• **Problem details**
From first line to last, copy the listing exactly and omit its pictures.

• **Data segment**
* * * *

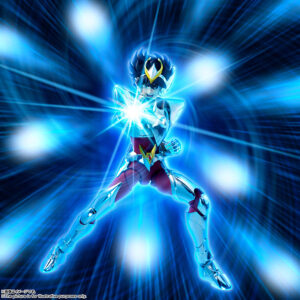 「ペガサス流星拳」は、わりと何度も通用していた印象が。「聖闘士聖衣神話EX ペガサス星矢（最終青銅聖衣）」（BANDAI SPIRITS）　(C)車田正美／集英社・東映アニメーション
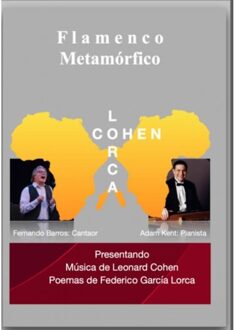 Flamenco Metamórfico - Fernando Barros Lirola
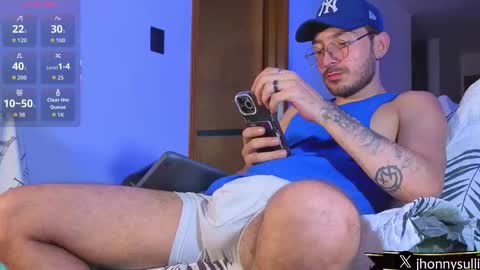 jhonny and friend online show from 26, 11, 2025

* * * *

• **Solution for this problem**
 「ペガサス流星拳」は、わりと何度も通用していた印象が。「聖闘士聖衣神話EX ペガサス星矢（最終青銅聖衣）」（BANDAI SPIRITS）　(C)車田正美／集英社・東映アニメーション
 Flamenco Metamórfico - Fernando Barros Lirola
 jhonny and friend online show from 26, 11, 2025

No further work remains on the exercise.